Swap agreements are contracts between parties in which one party agrees to make periodic payments to the other party (the “Counterparty”) based on the change in market value or level of a specified rate, index or asset. In return, the Counterparty agrees to make periodic payments to the first party based on the return of a different specified rate, index or asset. Swap agreements will usually be done on a net basis, the Fund receiving or paying only the net amount of the two payments. Certain standardized swaps are subject to mandatory central clearing. Central clearing generally reduces counterparty credit risk and increases liquidity, but central clearing does not make swap transactions risk-free. Additionally, there is no guarantee that a Fund or an underlying fund could eliminate its exposure under an outstanding swap agreement by entering into an offsetting swap agreement with the same or another party.

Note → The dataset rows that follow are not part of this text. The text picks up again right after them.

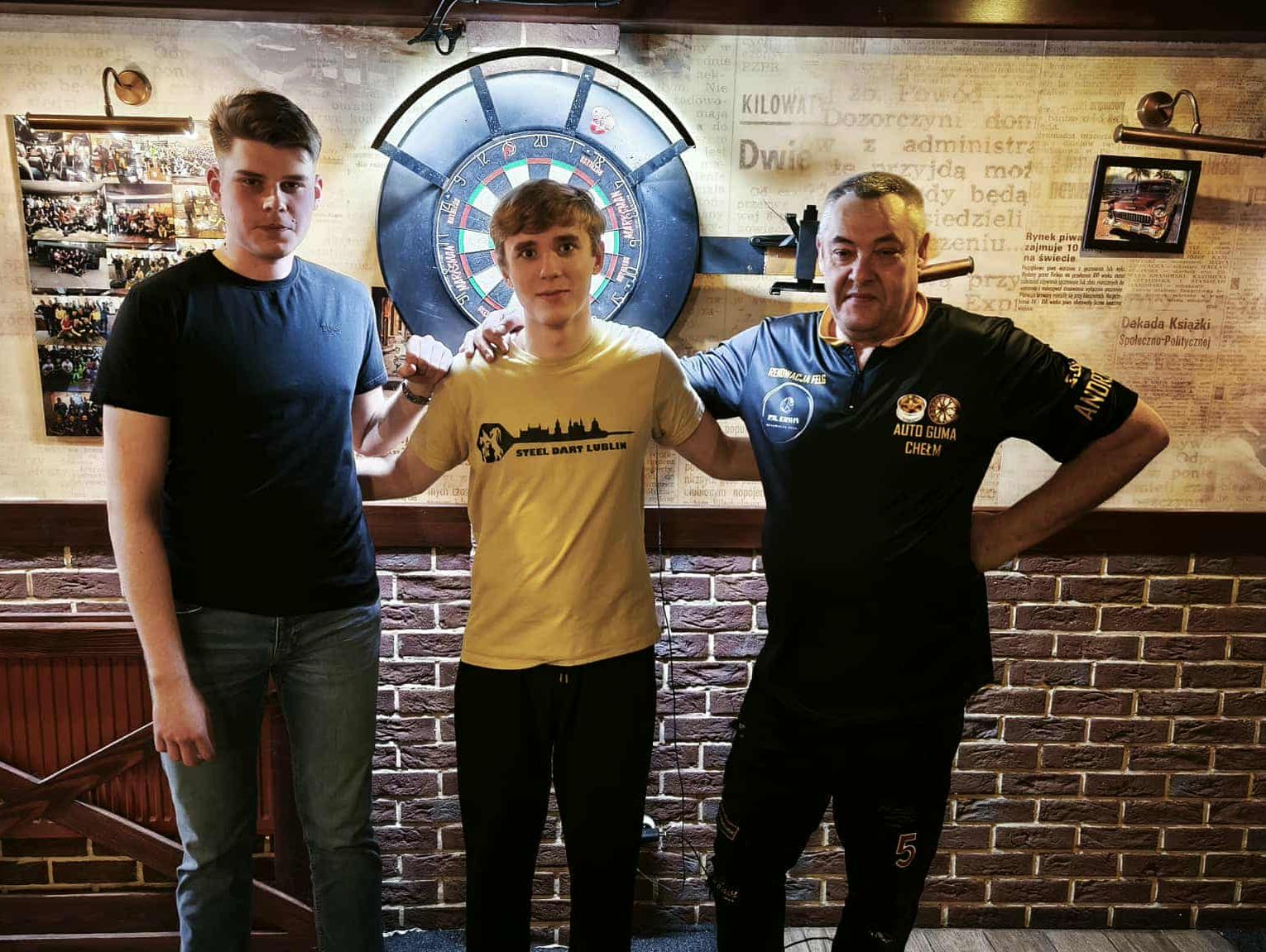 Wiadomości sportowe - zawodnicy Steel Dart Chełm walczą dalej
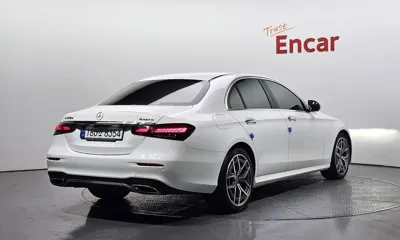 Mercedes-Benz E-Class 2021, 98421 км, за 22033.68 USD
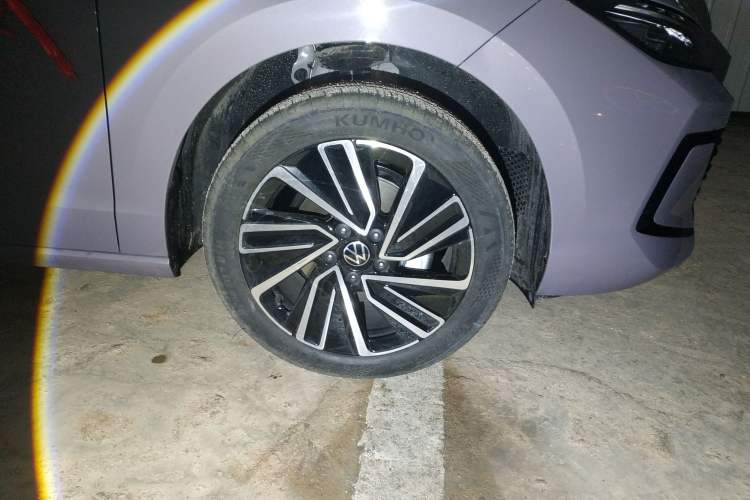 Used Volkswagen Lavida 2026 Pro 300TSI Starry Zhi Yi Edition Right Front Wheel Hub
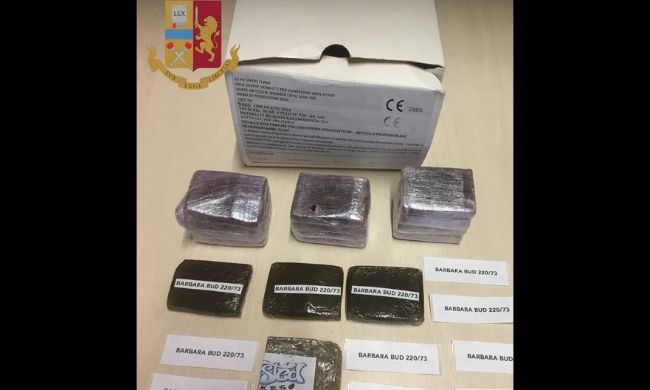 Soldi e droga nascosta nel cassetto della verdura in frigo: due arresti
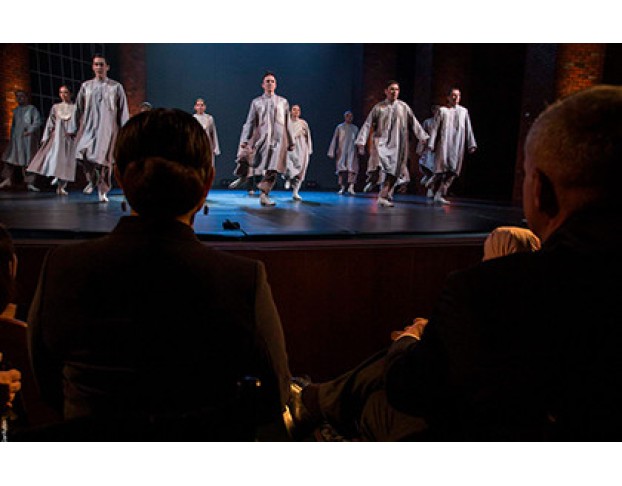 Очарованный Танцембию Пәрие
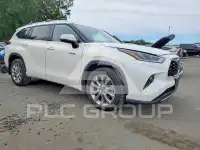 2021 Toyota Highlander photo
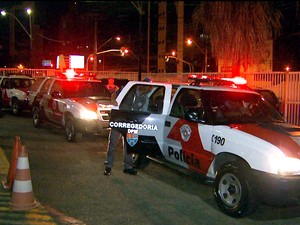 Viaturas da Corregedoria da Polícia Militar que transferiram os PMs suspeitos das chacinas em Campinas  (Foto: Reprodução EPTV)
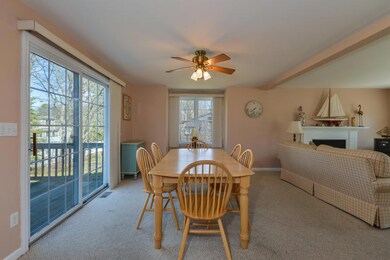 008-Breakfast_Nook-3969347-small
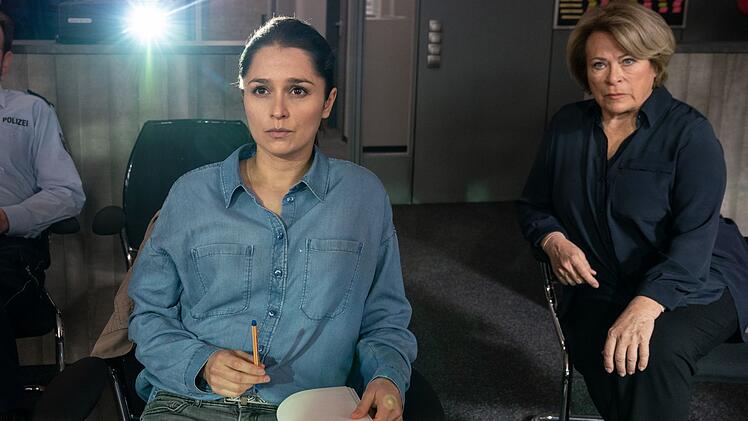 Als Overbeck seines neuesten Erkenntnisse zu innovativen Aufkl&auml;rungsmethoden erkl&auml;rt, sind Kommissarin Anna Springer (Rita Russek, rechts) und Polizistin Isabel Wolfangel (Sarah Alles) ganz Ohr.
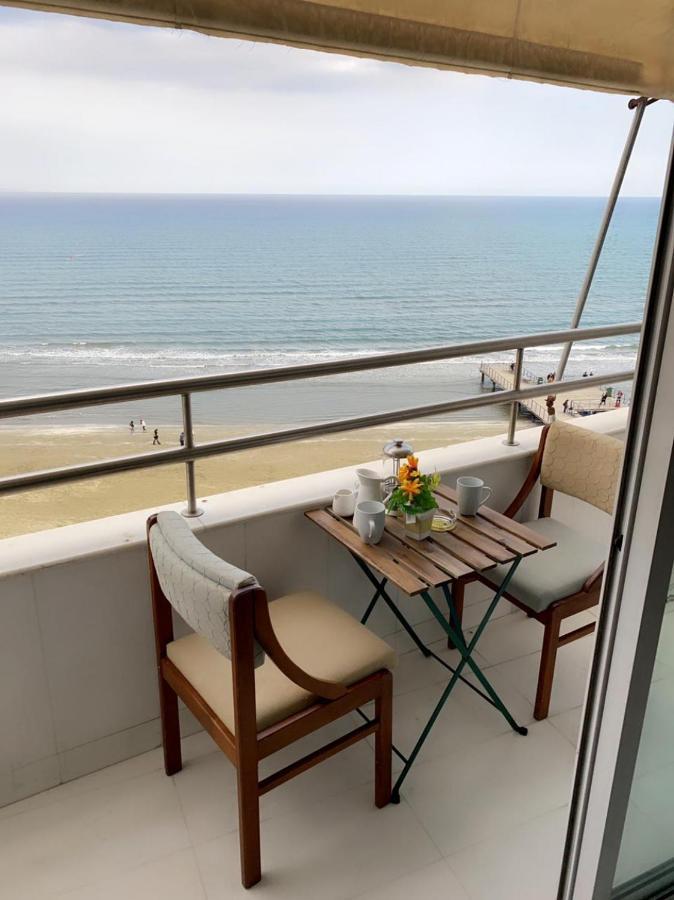 Larnaca Room, 50M To The Finikoudes Beach Bagian luar foto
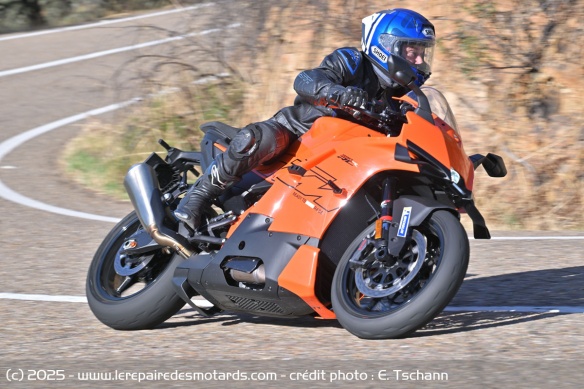 La rigueur du châssis et l'efficacité des assistances offrent une bonne marge de sécurité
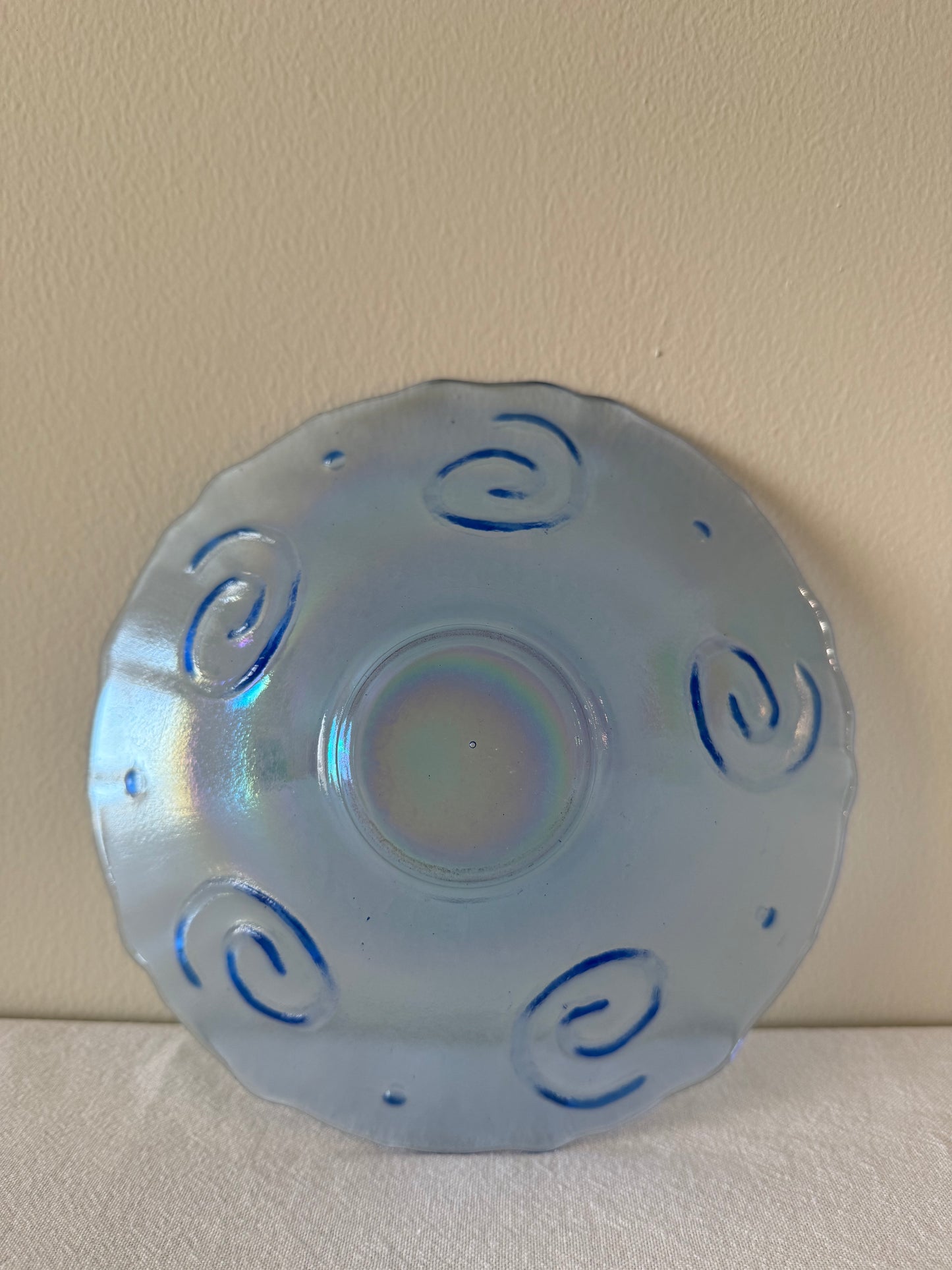 Iridescent swirl glass bowl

The Fund may enter into swap agreements to manage its exposure to interest rates and/or credit risk, to generate income or to manage duration. During the period that the swap agreement is open, the Fund may be subject to risk from the potential inability of the counterparty to meet the terms of the agreement. The swaps involve elements of both market and credit risk in excess of the amounts reflected on the Statement of Assets and Liabilities.

Credit default swap transactions involve the Fund’s agreement to exchange the credit risk of an issuer. A buyer of a credit default swap is said to buy protection by paying periodic fees in return for a contingent payment from the seller if the issuer has a credit event such as bankruptcy, a failure to pay outstanding obligations or deteriorating credit while the swap is outstanding. A seller of a credit default swap is said to sell protection and thus collects the periodic fees and profits if the credit of the issuer remains stable or improves while the swap is outstanding but the seller in a credit default swap contract would be required to pay an agreed upon amount, which approximates the notional amount of the swap, to the buyer in the event of an adverse credit event of the issuer.

There were no credit default swap agreements outstanding as of April 30, 2017.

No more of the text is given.